Write all of the entries out again exactly, but not the images.

Web page caption snippets

┄┄┄┄┄┄

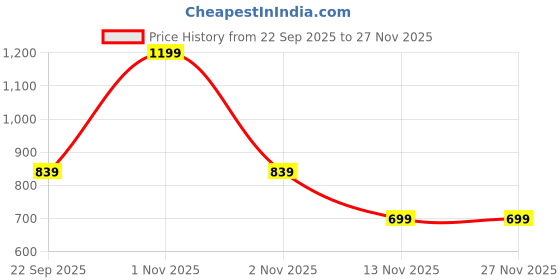 nykaa.com Oziva Advanced Hair Serum oziva Price History Graph from 22 Sep 2025 to 27 Nov 2025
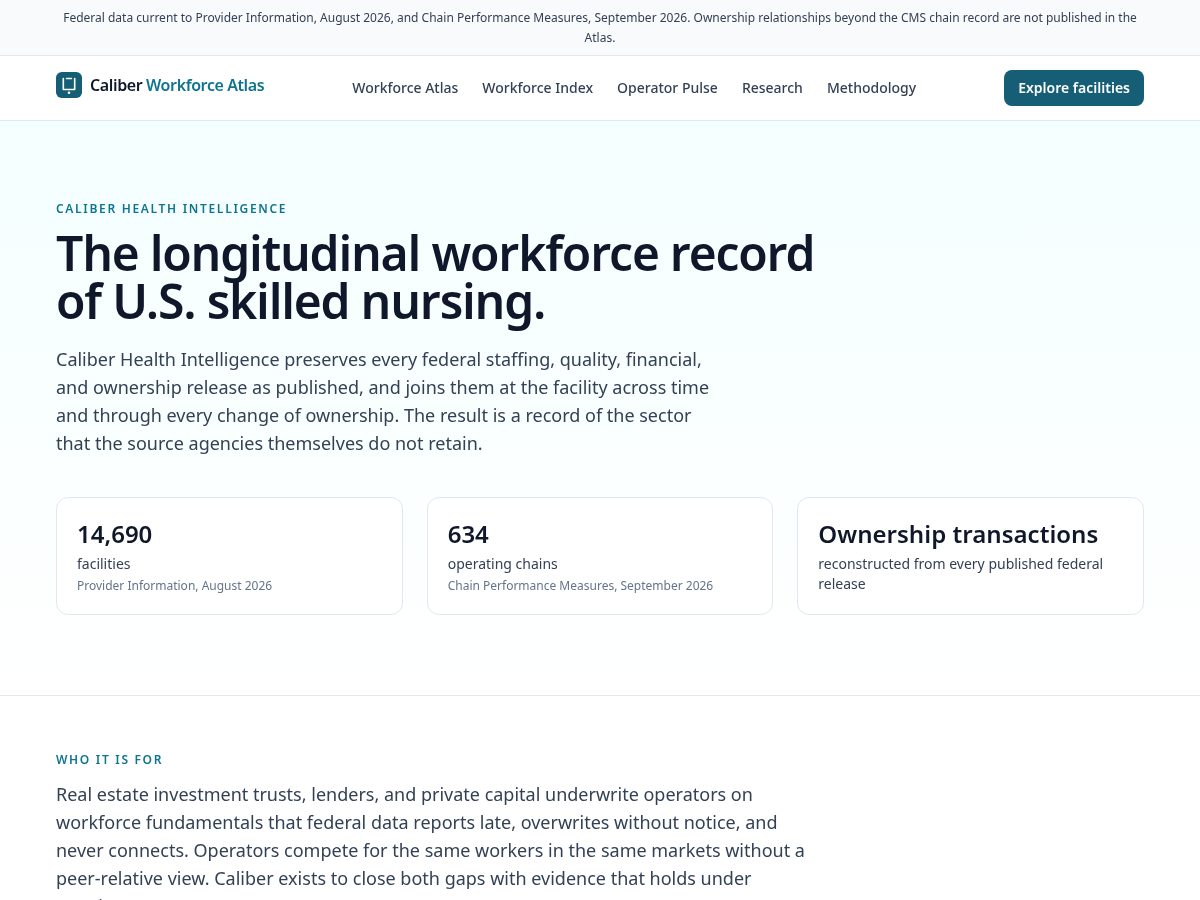 Landing-page snapshot of caliberhealthintelligence.com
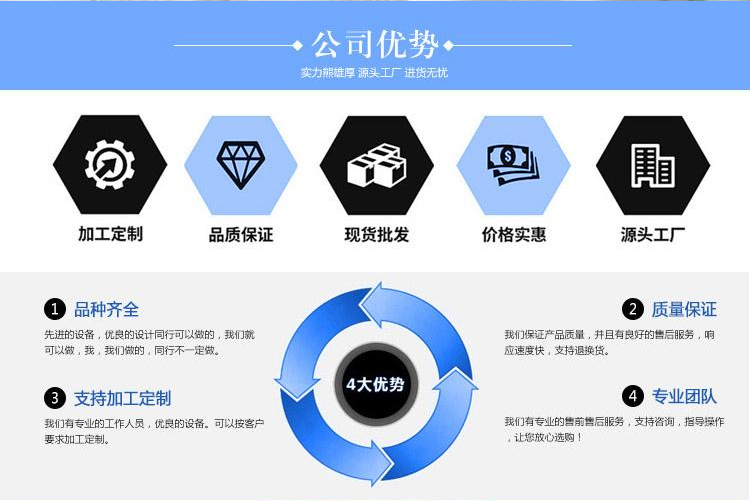 PVC穿线管-6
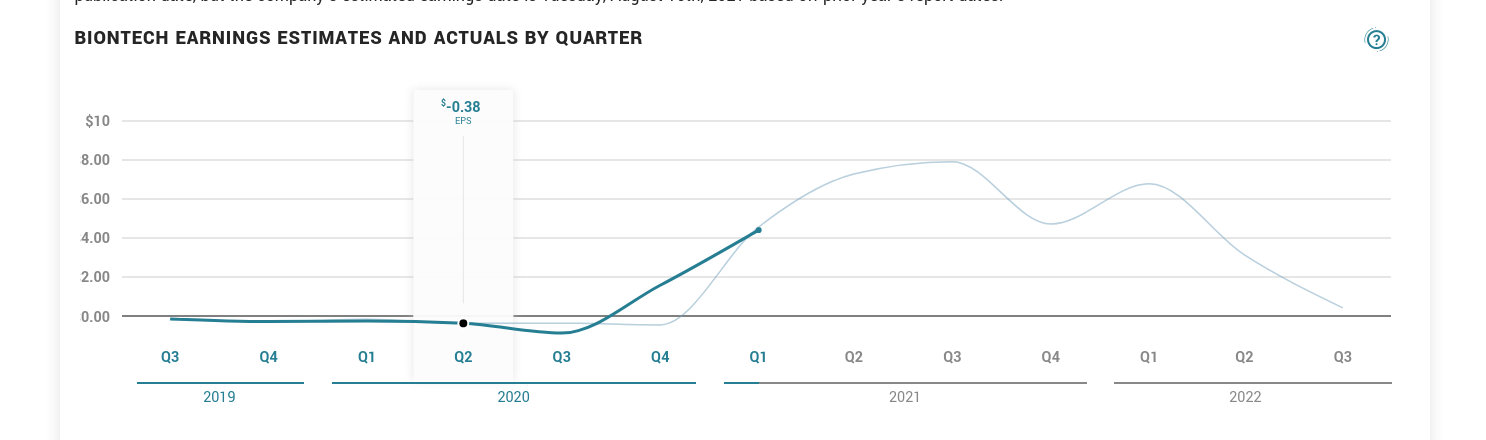 Biotech-Star BioNTech aus Mainz 1254664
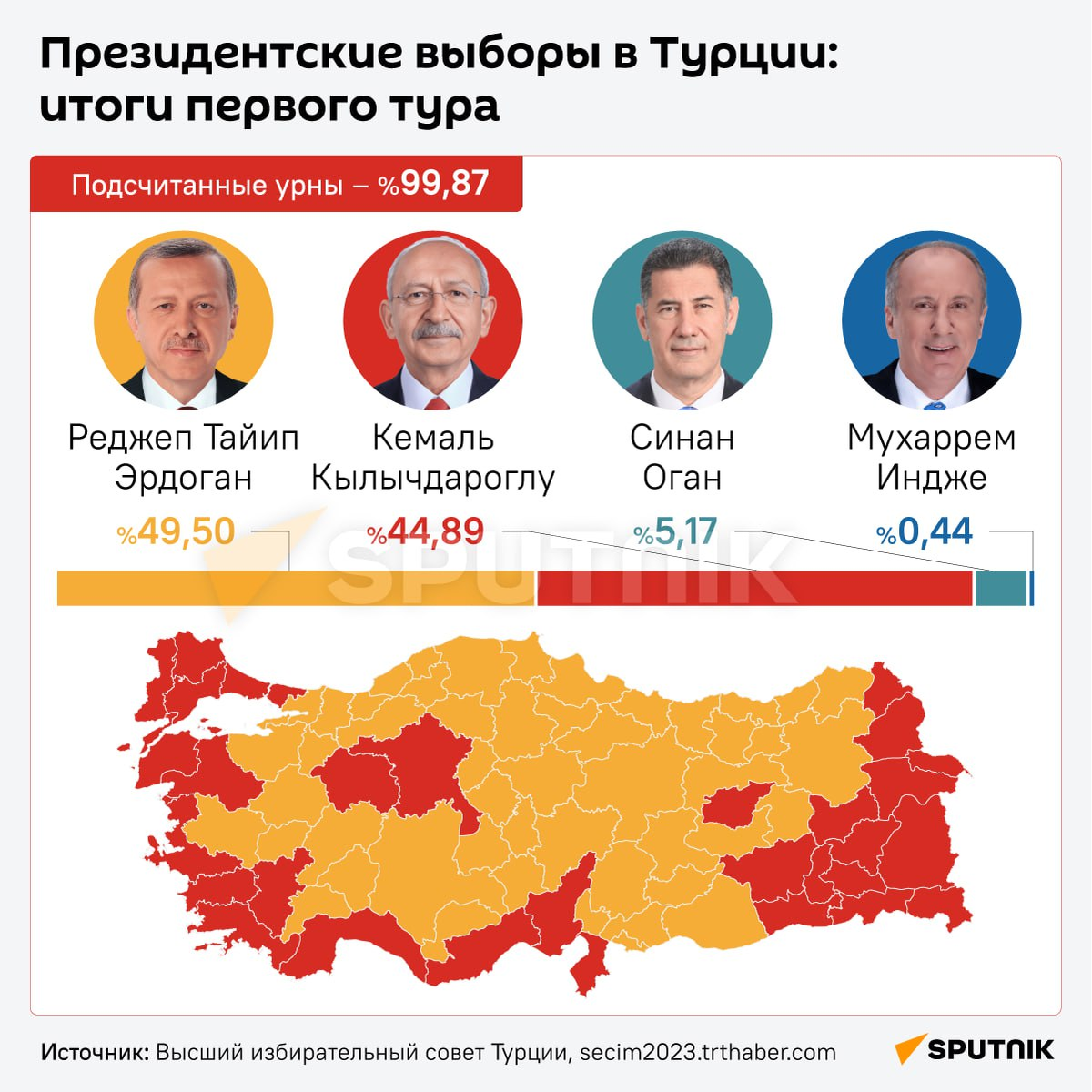 Голосовать турция. Выборы президента Турции. Карта выборов в Турции. Карта голосования в Турции. Голосование в Турции по регионам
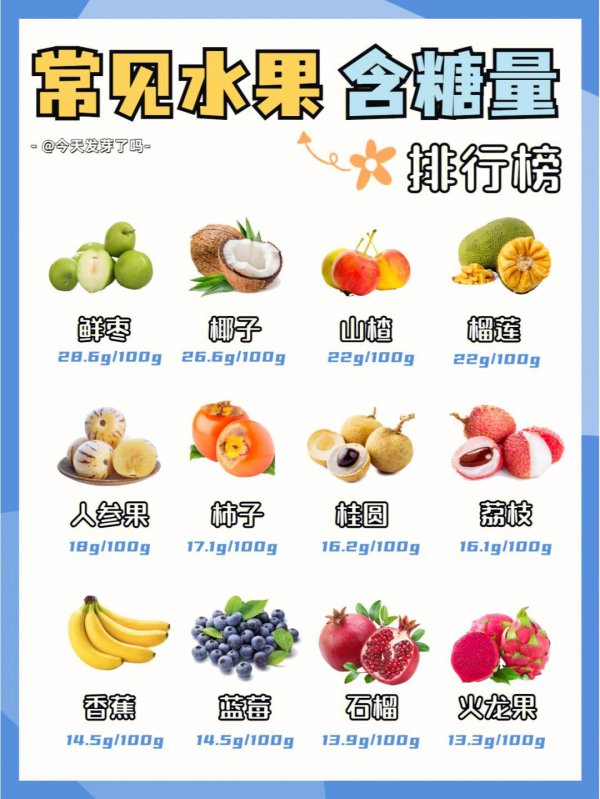 含果糖高的水果排行榜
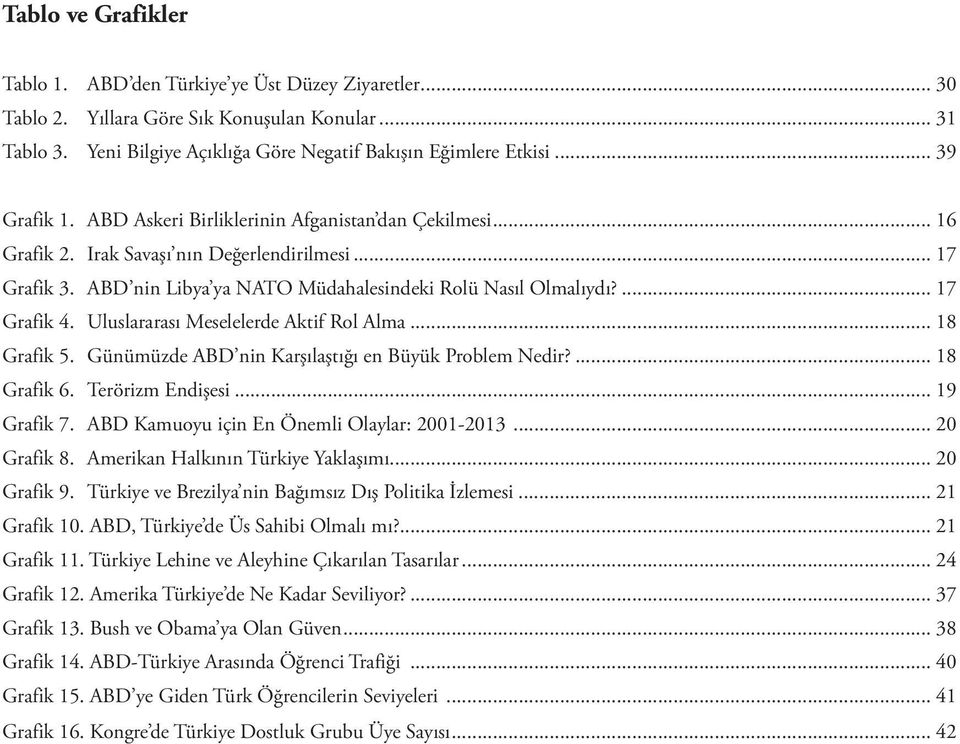 ... 17 Grafik 4. Uluslararası Meselelerde Aktif Rol Alma... 18 Grafik 5. Günümüzde ABD nin Karşılaştığı en Büyük Problem Nedir?... 18 Grafik 6. Terörizm Endişesi... 19 Grafik 7.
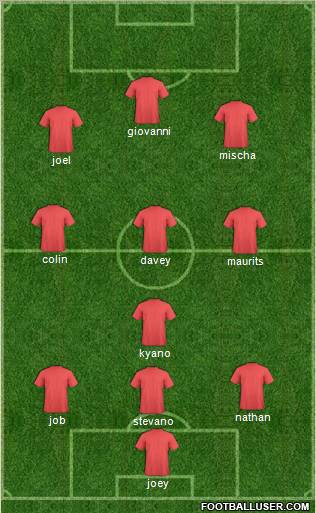 Champions League Team Formation 2011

┄┄┄┄┄┄

## Exercise response
 nykaa.com Oziva Advanced Hair Serum oziva Price History Graph from 22 Sep 2025 to 27 Nov 2025
 Landing-page snapshot of caliberhealthintelligence.com
 PVC穿线管-6
 Biotech-Star BioNTech aus Mainz 1254664
 Голосовать турция. Выборы президента Турции. Карта выборов в Турции. Карта голосования в Турции. Голосование в Турции по регионам
 含果糖高的水果排行榜
 ... 17 Grafik 4. Uluslararası Meselelerde Aktif Rol Alma... 18 Grafik 5. Günümüzde ABD nin Karşılaştığı en Büyük Problem Nedir?... 18 Grafik 6. Terörizm Endişesi... 19 Grafik 7.
 Champions League Team Formation 2011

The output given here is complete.